In January 2019, "Empire" actor Jussie Smollett told Chicago police that he was attacked by two men in masks at around 2 a.m. who struck him in the face, doused him in an "unknown chemical substance," tied a rope around his neck, and made allusions to "Make America Great Again," Donald Trump's slogan, according to the BBC. While a whole host of celebrities and his cast members from "Empire" were busy voicing their support for Smollett, information began surfacing that proved that he might have fabricated the attack. For nearly a month, the police searched for the true culprit behind the attack — until they finally announced in February 2019 that Smollett himself had actually hired "Empire" extras Obabinjo and Abimbola Osundairo to stage the attack that took place in January 2019.

For reporting an alleged false crime to the Chicago Police Department, Smollett was arrested. However, shortly after he plead "Not Guilty" to the charges, it was announced in March 2019 that Smollett had been cleared of all charges, due to the fact that he paid a $10,000 bond payment and completed his required community service, per the BBC. A month later, the Chicago Police Department requested that Smollett pay for the hours of overtime that they wasted on his false claims. When Smollett refused to pay the police department the requested $130,000, they sued him. Months later, Smollett was officially charged with six counts of disorderly conduct and fired from "Empire," per Fox News.

Smollett was found guilty of five out of the six disorderly conduct charges

On Thursday, December 9, 2021, a jury found actor Jussie Smollett guilty of five out of the six charges of disorderly conduct that he faced for lying to the Chicago Police Department about being attacked back in 2019. According to AP News, disorderly conduct is a class four felony and typically comes with a prison sentence of three or more years. However, legal experts have estimated that Smollett will not face any jail time, and, instead, will likely be placed on probation and made to perform some form of community service.
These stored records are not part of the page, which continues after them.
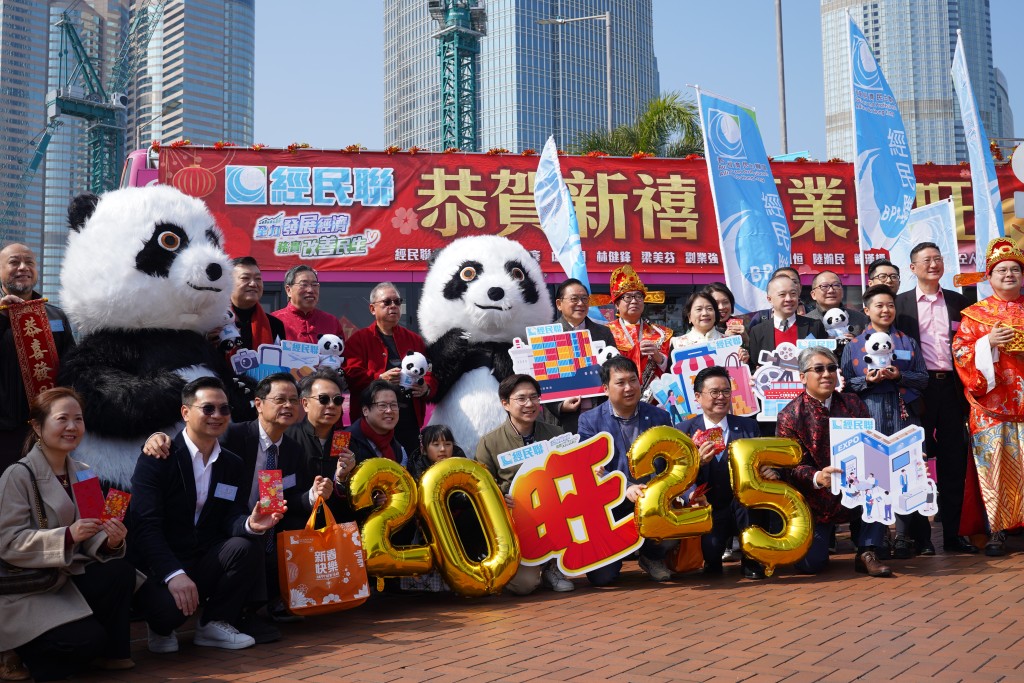 經民聯初八辦花車巡遊，寓意今年香港一直「發」展、市民「發」財、學生「發」奮。葉偉豪攝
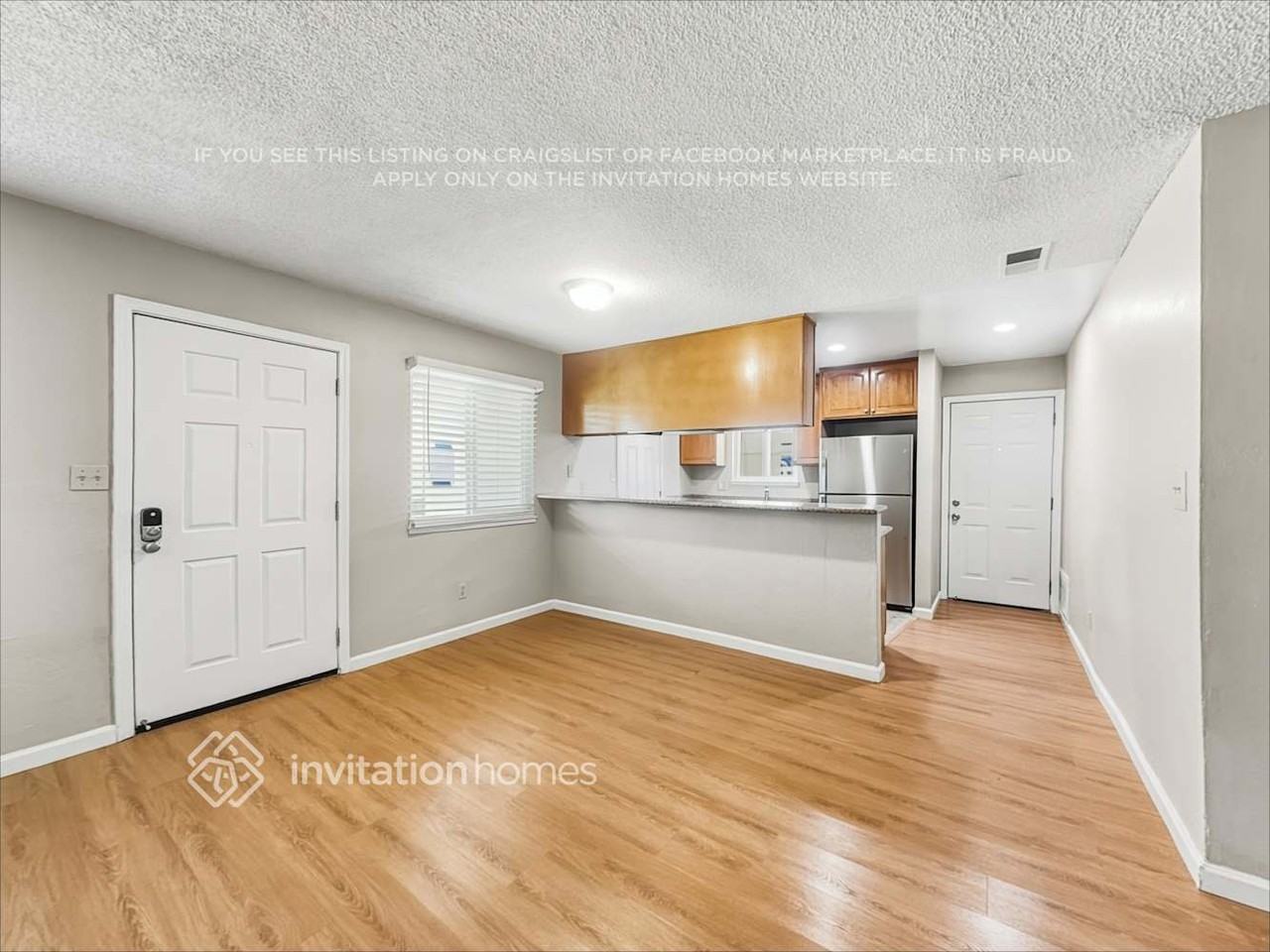 1658 Ashwood Dr - Photo 7 of 19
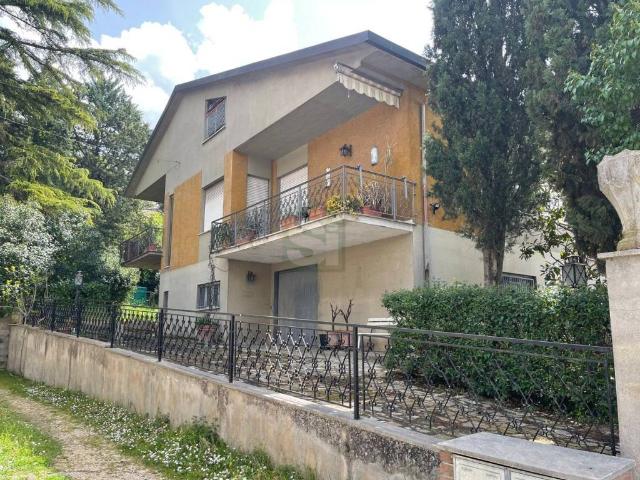 Villa Indipendente in vendita a Trevi, Umbria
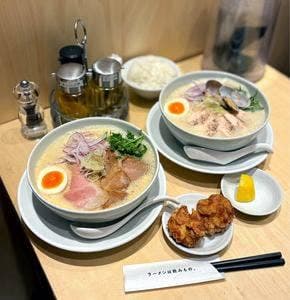 鶏白湯ラーメンMUTSUKI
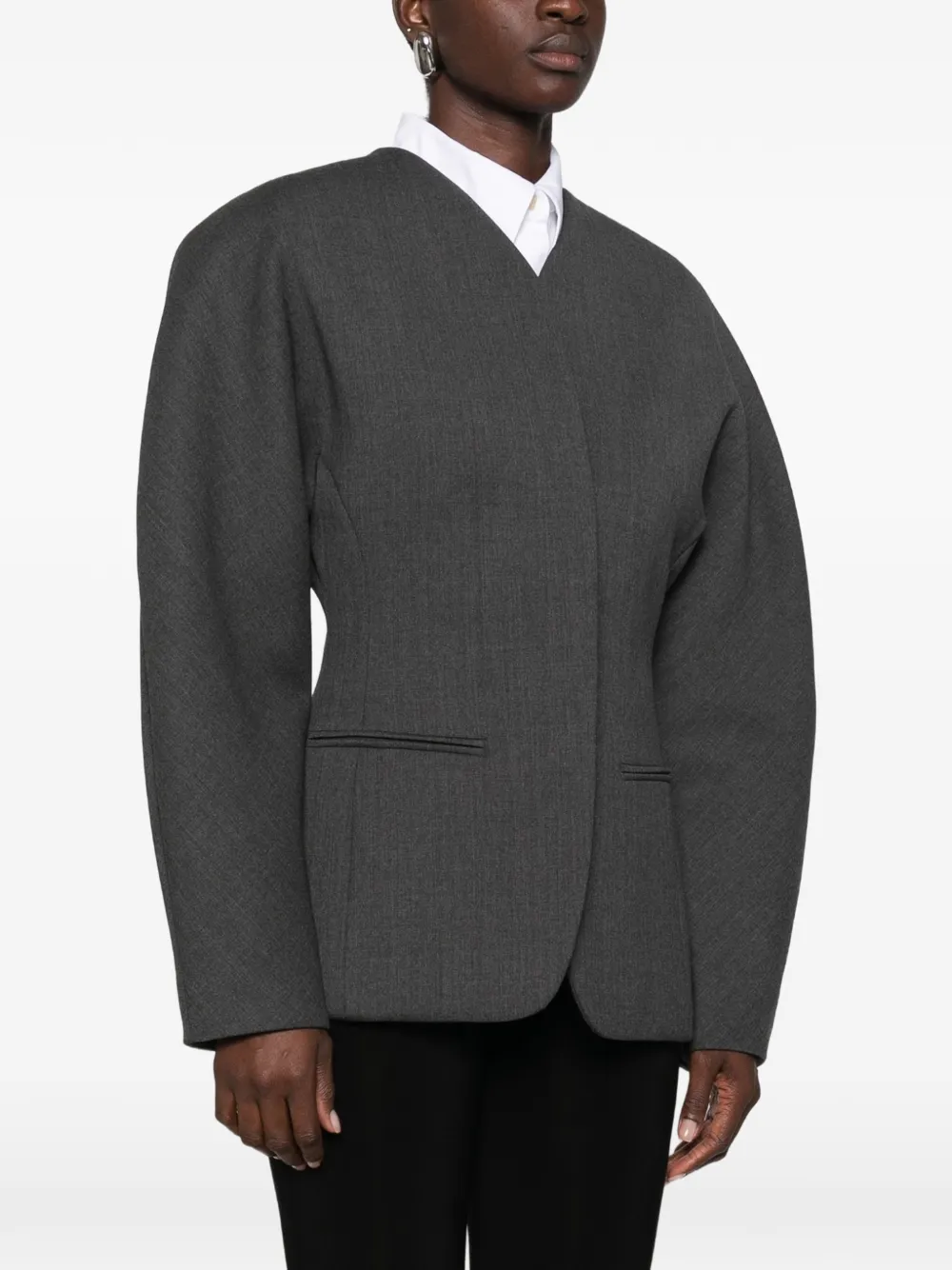 Jacquemus Jack met V-hals en coconmouwen Grijs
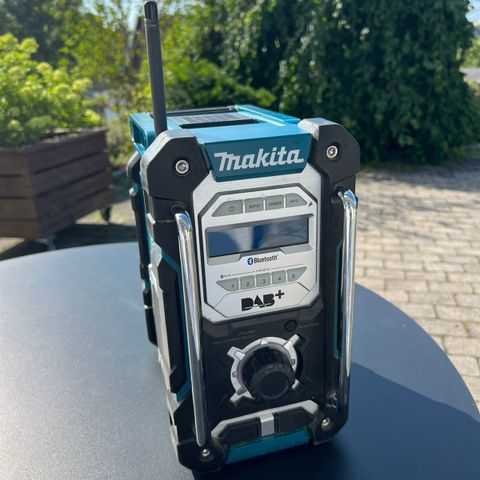 Makita radio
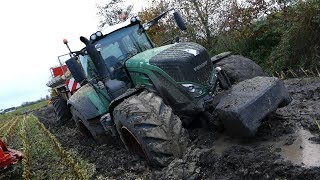 Fendt 939 Vario Gets Totally Stuck in The Mud During Maize  Corn Chopping  Häckseln 2017 [upl. by Mizuki749]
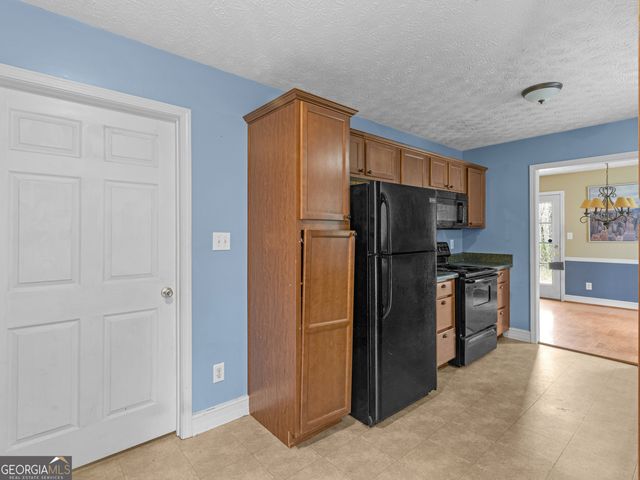 141 Royal Way, Mcdonough, GA 30252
At the conclusion of the trial, prosecutors were more than happy to hear that Smollett would be punished for what he had done. "To outright denigrate something as serious, as heinous, as a real hate crime, to denigrate it and then make sure it involved words and symbols that have such horrible historical significance in our country was just plain wrong to do it and he did," special prosecutor Dan Webb said, according to the New York Post.

Smollett, who has maintained his innocence since being charged for the first time in February 2019, took to the witness stand during the trial. While on the stand, Smollett insisted that he did not fake the hate crime. "It's pretty disappointing, what happened," Smollett's defense attorney, Nenye Uche, told reporters at the courthouse, per CNN. "But we remain confident that we're gonna come back and he's going to be vindicated." A post-trial hearing is set for January 2022.